Zimbabwe’s struggles with exchange rate volatility, which recently caused rapid increases in prices, are a result of the country’s adoption of a dual currency regime, Reserve Bank of Zimbabwe (RBZ) Governor Dr John Mangudya said.
Mangudya said Zimbabwe uses a dual currency system after co-mingling a strong currency, the US dollar with the softer Zimbabwe dollar currency, creating avenues for preferences among economic actors.
He said given Zimbabwe’s hyperinflation-plagued past, economic agents largely preferred to hold their savings in US dollar, a stable global reserve currency.
The central bank chief said this during a recent address of media personnel from the Southern African Development Community (SADC) who visited Zimbabwe at the invitation of the Ministry of Information, Publicity, and Broadcasting Services on a “True Zimbabwe Tour”.
The central bank chief said Zimbabwe faced economic volatility in the second quarter, characterised by rapid price increases, despite enjoying sound macroeconomic fundamentals.
Zimbabwe’s consumer annual inflation eased sharply to 101,3 percent in July 2023 from a nearly two and half year high of 175,8 percent in June, helped by an appreciation of the Zimbabwean dollar.
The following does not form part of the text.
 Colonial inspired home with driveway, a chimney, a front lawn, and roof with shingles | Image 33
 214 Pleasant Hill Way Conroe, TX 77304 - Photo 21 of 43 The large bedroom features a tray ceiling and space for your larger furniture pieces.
Monetary and fiscal authorities swiftly rolled out a series of policy measures to curtail rapid price surges in the second quarter of 2023.
Interventions included further hiking any already high bank policy rate, tightening liquidity flow and promoting the wider use of the domestic currency.
Mangudya cited the co-mingling of the strong and soft currencies, in a country still smarting from the effects of inflation, as the major source of the problem.
However, in search of durable stability, Zimbabwe will maintain the dual monetary regime until 2025, the end of its five-year medium-term economic blueprint; the National Development Strategy (NDS1).
The southern African country suffered its first and one of its worst hyperinflation experiences in 2008, when annual inflation peaked at 500 billion, according to the International Monetary Fund figures.
Zimbabwe’s economy, Mangudya said, is currently enjoying strong fundamentals that include a current account surplus, strong real sector performance in agriculture, mining and manufacturing while the external sector has also been solid.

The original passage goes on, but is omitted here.